Le 29 août, lors de sa présentation devant la conférence annuelle des ambassadeurs de France dans le monde, le chef de la diplomatie française Hubert Védrine a abordé la situation stratégique actuelle et la politique étrangère de la France. Déjà bien connu pour sa critique de l’« hyperpuissance américaine » et sa défense d’un « monde multipolaire », Védrine a considérablement intensifié, à cette occasion, ses attaques contre la politique anglo-américaine.
Il a notamment fustigé la globalisation : « Les grandes entreprises mondiales et les principaux fonds de pension, les uns et les autres avant tout américains, modèlent et façonnent chaque jour sans état d’âme le monde (...). Ils estiment même disposer d’une légitimité égale à celle des gouvernements. » Les forces de la globalisation ont en commun de « contourner les Etats ou de vouloir leur échapper et de réduire leur emprise même quand il s’agit d’Etats de droit démocratiques. Elles se fondent sur l’individu consommateur plutôt que sur le citoyen. » Par conséquent, la globalisation affaiblit les Etats, tandis que « les régulations multilatérales et intergouvernementales type ONU et Bretton-Woods (...) piétinent. Pourtant, elles sont plus nécessaires que jamais en raison des problèmes globaux (...) ».
Cependant, dans le monde, les demandes de régulation se multiplient : « En Europe une grande partie de l’opinion, presque tous les partis politiques demandent plus de régulation, presque tous les gouvernements y travaillent (...). La plupart des pays en développement la réclament. (...) Les Etats-Unis, pour leur part, maintiennent une certaine ambivalence sur cette question qui ne peut nous étonner . »
Védrine a ensuite critiqué les élites américaines, exprimant le doute que « les résultats des élections présidentielles et législatives américaines [puissent] modifier en profondeur le cours de la politique étrangère des Etats Unis. (...) Il y a un consensus très fort aux Etats-Unis sur le rôle de leader qui doit être le leur dans le monde (...) et les deux grands partis participent à ce consensus. » Il a proposé de rester « attentif, pour en voir les développements possibles, à la montée d’une sorte de néo-unilatéralisme (qui est le contraire de l’isolationnisme), conception qui résulte mécaniquement de la situation d’hyperpuissance. Elle remet en question l’idée même que les Etats-Unis doivent négocier avec les autres, adversaires ou alliés. » De façon remarquable, le chef de la diplomatie française a alors conseillé aux assistants « la lecture édifiante » de l’article de Zbigniew Brzezinski paru dans The National Interest, qui fait l’objet de l’article ci-dessus.

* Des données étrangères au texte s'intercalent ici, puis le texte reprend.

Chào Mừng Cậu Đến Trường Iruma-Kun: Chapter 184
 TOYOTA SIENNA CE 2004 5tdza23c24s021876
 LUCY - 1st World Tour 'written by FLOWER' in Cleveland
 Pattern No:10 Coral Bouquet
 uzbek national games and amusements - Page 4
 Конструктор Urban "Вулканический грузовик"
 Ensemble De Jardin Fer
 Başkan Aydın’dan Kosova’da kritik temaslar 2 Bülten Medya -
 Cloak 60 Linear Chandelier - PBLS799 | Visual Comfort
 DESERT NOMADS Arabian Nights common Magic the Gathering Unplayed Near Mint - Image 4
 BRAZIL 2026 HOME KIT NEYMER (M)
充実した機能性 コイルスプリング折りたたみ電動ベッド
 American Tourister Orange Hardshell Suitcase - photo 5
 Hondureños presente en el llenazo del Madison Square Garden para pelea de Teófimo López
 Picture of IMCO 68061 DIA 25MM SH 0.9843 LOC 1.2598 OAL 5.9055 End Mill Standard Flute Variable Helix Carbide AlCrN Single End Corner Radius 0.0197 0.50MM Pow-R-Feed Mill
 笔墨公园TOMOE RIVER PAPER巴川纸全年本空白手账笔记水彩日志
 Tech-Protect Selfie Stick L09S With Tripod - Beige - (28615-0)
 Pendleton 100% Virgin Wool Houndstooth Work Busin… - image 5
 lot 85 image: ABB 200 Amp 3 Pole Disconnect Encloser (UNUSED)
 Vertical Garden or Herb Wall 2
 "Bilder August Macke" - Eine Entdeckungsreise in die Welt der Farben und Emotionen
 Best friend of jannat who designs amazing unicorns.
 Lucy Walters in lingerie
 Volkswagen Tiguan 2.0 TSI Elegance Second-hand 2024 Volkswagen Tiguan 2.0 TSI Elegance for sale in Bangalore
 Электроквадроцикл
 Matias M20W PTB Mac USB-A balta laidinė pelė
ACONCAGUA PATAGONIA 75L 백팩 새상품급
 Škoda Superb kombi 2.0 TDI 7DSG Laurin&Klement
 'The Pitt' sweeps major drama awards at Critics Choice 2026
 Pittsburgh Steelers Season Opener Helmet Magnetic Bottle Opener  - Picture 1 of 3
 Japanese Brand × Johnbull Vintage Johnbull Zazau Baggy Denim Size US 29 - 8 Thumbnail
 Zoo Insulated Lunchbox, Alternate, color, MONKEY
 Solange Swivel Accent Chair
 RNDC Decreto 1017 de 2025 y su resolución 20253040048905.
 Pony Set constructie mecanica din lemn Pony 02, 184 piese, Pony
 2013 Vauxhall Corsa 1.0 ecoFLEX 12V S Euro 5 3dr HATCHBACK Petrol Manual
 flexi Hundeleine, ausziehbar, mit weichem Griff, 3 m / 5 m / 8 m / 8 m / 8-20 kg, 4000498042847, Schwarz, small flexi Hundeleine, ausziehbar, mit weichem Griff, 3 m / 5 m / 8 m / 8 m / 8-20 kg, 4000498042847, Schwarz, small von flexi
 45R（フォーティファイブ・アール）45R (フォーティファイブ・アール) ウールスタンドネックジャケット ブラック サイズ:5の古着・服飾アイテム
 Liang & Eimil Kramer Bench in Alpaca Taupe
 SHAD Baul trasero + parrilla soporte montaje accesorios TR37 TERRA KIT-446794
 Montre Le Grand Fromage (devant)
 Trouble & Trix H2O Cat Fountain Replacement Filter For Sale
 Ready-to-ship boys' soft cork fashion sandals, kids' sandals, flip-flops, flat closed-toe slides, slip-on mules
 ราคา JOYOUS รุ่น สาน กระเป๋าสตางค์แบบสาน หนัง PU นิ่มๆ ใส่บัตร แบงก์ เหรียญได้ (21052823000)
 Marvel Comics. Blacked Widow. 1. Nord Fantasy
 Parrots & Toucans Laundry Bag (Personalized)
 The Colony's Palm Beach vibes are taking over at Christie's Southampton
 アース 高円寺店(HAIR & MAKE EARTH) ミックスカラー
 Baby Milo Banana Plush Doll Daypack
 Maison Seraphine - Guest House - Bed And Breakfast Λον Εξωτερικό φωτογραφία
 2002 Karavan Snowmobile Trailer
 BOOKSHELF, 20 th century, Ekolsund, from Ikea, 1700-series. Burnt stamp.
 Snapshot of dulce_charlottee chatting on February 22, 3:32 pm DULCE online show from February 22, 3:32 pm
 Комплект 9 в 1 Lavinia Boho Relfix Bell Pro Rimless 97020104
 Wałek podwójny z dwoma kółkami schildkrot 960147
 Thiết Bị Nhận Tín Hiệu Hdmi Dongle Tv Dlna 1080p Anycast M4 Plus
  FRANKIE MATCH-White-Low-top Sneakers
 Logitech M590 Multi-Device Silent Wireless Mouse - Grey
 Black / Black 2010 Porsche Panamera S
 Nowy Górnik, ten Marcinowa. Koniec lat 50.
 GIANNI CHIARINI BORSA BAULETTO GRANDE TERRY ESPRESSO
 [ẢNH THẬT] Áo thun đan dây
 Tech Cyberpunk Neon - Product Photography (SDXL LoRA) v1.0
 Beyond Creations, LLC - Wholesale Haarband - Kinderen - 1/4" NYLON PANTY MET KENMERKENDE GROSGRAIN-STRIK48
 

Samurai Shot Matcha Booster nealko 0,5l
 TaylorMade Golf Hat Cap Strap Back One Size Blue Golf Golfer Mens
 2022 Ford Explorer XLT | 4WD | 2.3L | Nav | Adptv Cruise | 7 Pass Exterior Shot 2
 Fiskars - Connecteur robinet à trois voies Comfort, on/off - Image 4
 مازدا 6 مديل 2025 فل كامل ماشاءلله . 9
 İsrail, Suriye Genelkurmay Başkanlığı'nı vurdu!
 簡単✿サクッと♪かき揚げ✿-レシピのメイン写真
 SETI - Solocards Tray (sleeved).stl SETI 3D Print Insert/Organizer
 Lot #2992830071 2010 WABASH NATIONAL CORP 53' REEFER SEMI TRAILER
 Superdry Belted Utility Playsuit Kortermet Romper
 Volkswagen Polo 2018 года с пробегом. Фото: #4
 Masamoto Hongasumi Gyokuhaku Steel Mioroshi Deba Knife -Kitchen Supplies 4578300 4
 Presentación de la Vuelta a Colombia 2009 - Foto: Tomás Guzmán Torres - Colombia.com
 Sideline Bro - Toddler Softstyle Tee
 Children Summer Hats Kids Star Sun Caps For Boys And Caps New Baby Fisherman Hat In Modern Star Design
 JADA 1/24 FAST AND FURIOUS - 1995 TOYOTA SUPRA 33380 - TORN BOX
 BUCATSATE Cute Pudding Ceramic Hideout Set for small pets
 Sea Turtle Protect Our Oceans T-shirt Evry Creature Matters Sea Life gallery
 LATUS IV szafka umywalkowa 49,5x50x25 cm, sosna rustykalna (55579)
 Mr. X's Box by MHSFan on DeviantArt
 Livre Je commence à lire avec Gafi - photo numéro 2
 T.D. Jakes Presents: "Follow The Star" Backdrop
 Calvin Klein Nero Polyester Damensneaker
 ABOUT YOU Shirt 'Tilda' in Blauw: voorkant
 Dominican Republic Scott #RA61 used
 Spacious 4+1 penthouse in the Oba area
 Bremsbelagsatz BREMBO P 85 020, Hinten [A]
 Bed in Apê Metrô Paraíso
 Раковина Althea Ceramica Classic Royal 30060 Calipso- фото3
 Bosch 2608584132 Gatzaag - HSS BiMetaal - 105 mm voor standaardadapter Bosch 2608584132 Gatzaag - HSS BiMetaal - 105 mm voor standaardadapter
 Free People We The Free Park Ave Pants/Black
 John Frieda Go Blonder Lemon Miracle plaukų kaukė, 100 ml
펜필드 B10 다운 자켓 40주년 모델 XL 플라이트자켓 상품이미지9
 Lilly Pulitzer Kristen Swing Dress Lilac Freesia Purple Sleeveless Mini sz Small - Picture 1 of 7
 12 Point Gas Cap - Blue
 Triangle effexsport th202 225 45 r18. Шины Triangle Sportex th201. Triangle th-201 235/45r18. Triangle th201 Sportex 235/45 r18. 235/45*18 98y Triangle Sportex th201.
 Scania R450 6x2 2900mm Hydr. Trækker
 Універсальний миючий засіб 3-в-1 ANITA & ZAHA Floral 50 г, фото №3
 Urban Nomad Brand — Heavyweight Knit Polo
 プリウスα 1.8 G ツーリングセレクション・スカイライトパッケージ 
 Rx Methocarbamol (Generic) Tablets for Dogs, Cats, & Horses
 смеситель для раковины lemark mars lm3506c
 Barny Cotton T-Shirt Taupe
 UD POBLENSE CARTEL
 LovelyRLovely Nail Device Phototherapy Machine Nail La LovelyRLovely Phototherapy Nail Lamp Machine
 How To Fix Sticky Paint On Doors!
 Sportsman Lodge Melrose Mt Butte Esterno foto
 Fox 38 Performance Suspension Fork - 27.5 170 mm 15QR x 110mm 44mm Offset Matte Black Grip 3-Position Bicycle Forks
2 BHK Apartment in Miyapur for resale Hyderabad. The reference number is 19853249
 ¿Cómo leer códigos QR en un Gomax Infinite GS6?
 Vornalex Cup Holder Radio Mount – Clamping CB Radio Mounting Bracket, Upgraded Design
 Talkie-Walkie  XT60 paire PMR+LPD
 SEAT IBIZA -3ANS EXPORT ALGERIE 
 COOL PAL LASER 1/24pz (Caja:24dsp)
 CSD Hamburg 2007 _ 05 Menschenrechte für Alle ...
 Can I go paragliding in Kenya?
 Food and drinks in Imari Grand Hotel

La France doit « coopérer ou résister selon les cas, sans cesser de dialoguer » avec les Etats-Unis. Résister « lorsque l’unilatéralisme inspire des décisions qui ne sont pas conformes à nos intérêts économiques ou stratégiques, ni favorables à nos ambitions politiques pour l’Europe, ni propices à une approche multilatérale des défis globaux. (...) La France n’a pas à renoncer à avoir sa vision propre de l’organisation du monde (...) ».